Scroll.in noted that the series is initially overloaded with strange events, jump scares, and wonky camera angles. The ominousness is unrelenting, and the squabbling between the cousins over the fate of the property is enervating.

Loksatta praised the series for its gripping start and the unfolding mysteries within the ancestral home. The review highlighted the performances of Kishor Kadam, Rutuja Bagwe, and Shubhankar Tawde, stating that each episode increases the suspense.

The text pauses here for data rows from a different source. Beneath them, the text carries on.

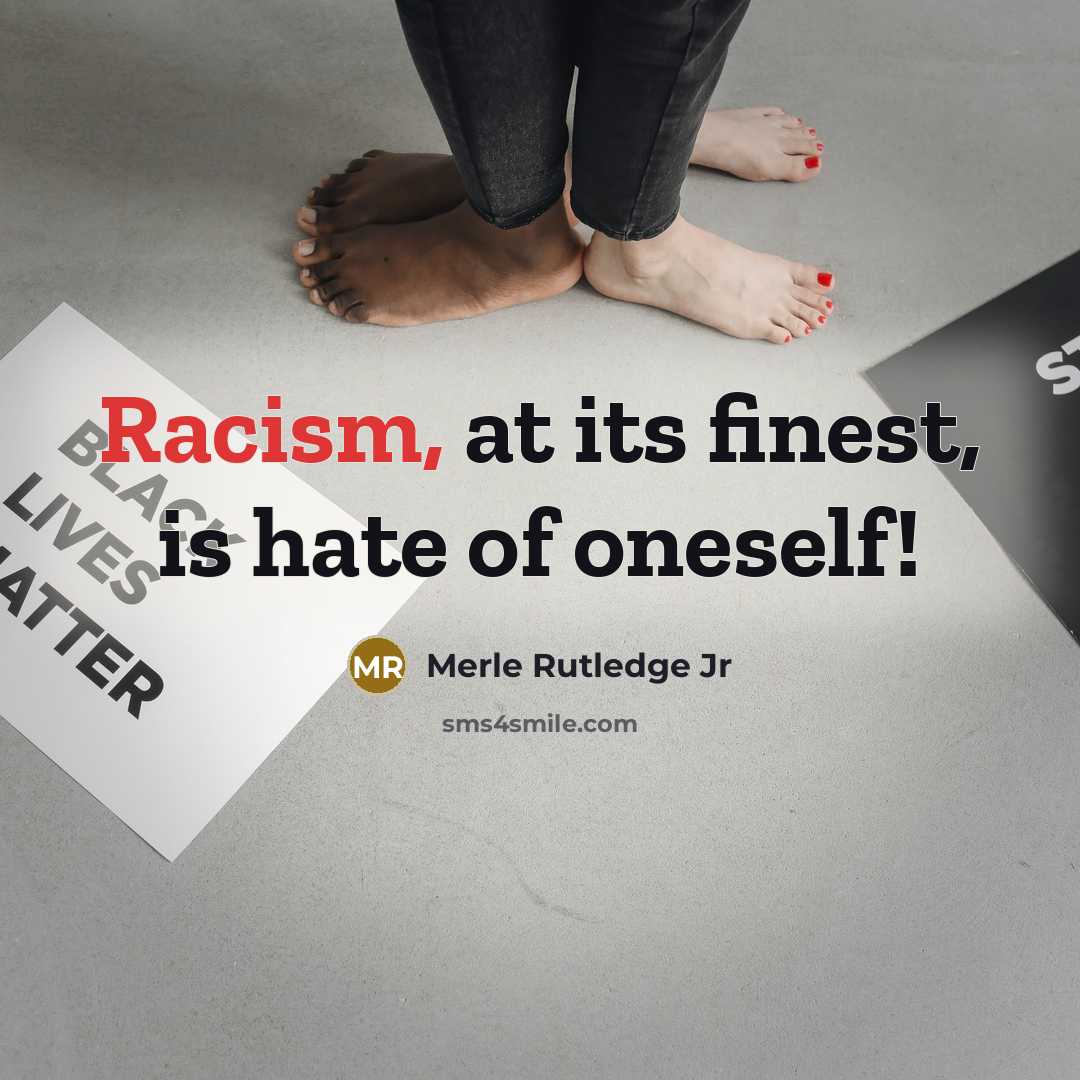 “Racism, at its finest, is hate of oneself!…” quote by Merle Rutledge Jr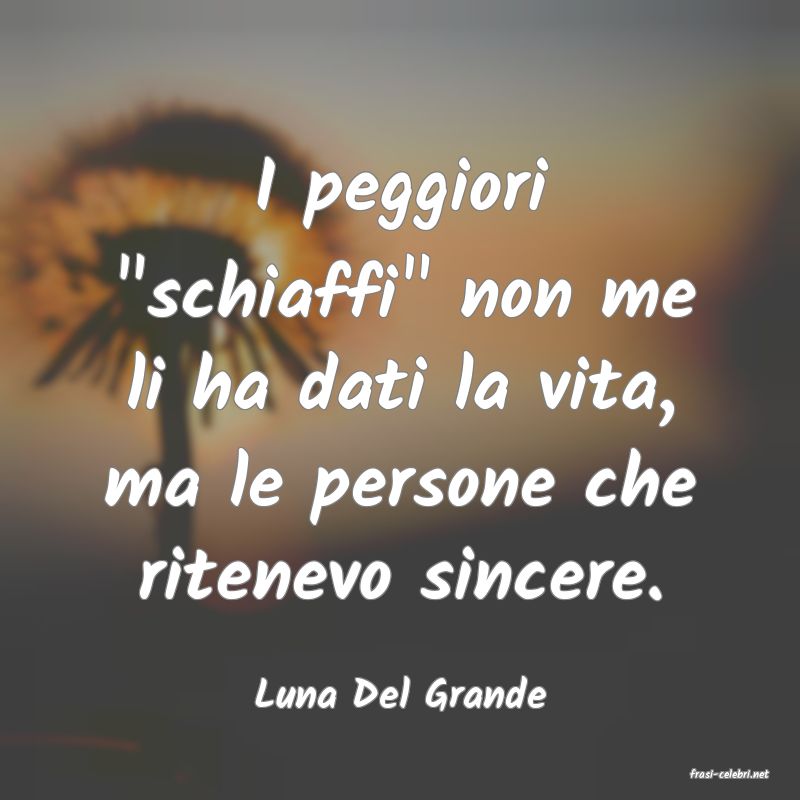 frasi di  Luna Del Grande

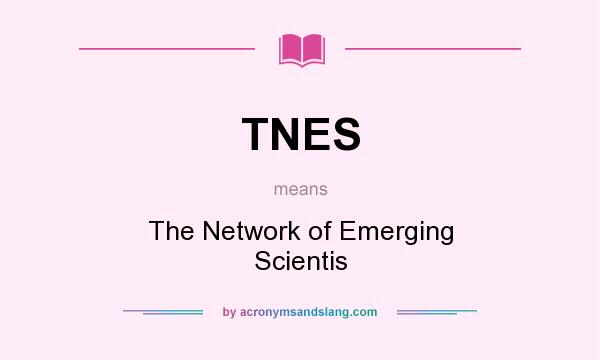 What does TNES mean? It stands for The Network of Emerging Scientis
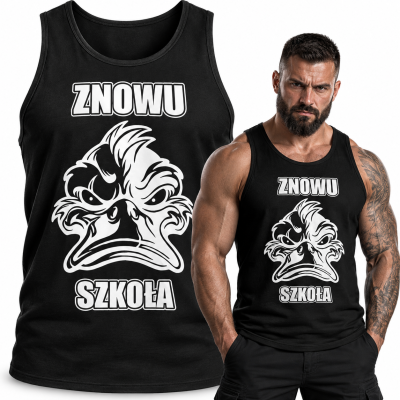 TANK TOP ŚMIESZNY ZNOWU SZKOŁA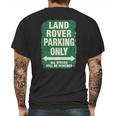 Land Rover Parking Only T-Shirt Mens Back Print T-shirt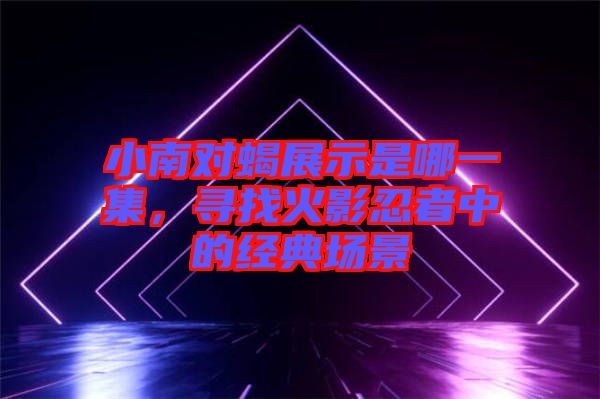 小南對蝎展示是哪一集，尋找火影忍者中的經(jīng)典場景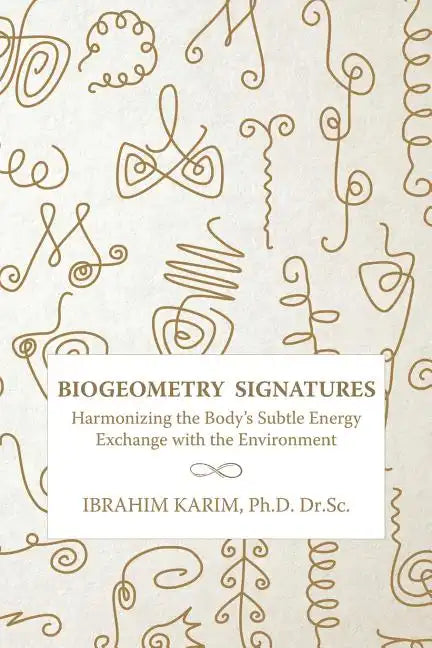 BioGeometry Signatures: Harmonizing the Body's Subtle Energy Exchange with the Environment - Paperback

M9 News criticized the series for its weak execution despite having an intriguing concept. The review pointed out that while the show has potential, it fails to deliver a satisfying experience due to its predictable storytelling and lack of impactful horror elements.

== Episodes ==

| No. | Title | Directed by | Original release date |
| 1 | "The Homecoming" | Bhimrao Mude | 30 May 2025 |
The Khatu family comes together at their old family home to carry out the final rites for Dinushet Khatu. Their caretaker, Gonya, welcomes them warmly, but each family member has a hidden agenda.
| 2 | "Mystery Behind Dinu's Death" | Bhimrao Mude | 30 May 2025 |
While exploring the house, Sayali, the daughter of Manoj and Shalaka, senses something unusual. As tensions rise among the family over what to do with the mansion, secrets surrounding Dinushet’s death begin to come to light.
| 3 | "Where is Nayana" | Bhimrao Mude | 30 May 2025 |
Sayali has an asthma attack just as Manoj and Shalaka’s hidden truths come out. Meanwhile, Keshav looks through his father’s Dashavatar outfits and jewelry. The next morning, both Nayana and the jewelry are gone.
| 4 | "Dare To Leave?" | Bhimrao Mude | 30 May 2025 |
The Khatu family searches desperately for Nayana and makes a startling discovery. Meanwhile, Sayali forms a bond with a roaming spirit named Antushet. In a sudden accident, Manoj and Shalaka lose their lives.
| 5 | "Dance of Death" | Bhimrao Mude | 30 May 2025 |
Keshav promises Gonya that the mansion won’t be sold, but the recent deaths in the family lead Kartik and his wife to decide to leave. Later, Keshav sees someone dressed in his father’s Dashavatar outfit.
| 6 | "Not Without My Child" | Bhimrao Mude | 30 May 2025 |
Kartik hurries to help Sayali during another asthma attack, but he’s unable to save her. He soon discovers that Gonya is responsible for the family’s deaths and tries to flee with Madhavi. Whether they make it out safely remains uncertain.
| 7 | "It Begins Again" | Bhimrao Mude | 30 May 2025 |
Madhavi tries to run from Gonya and the mansion to protect her child, but is confronted by the spirits of the Khatu family. She pleads with Gonya to spare her child’s life and then uncovers a shocking truth.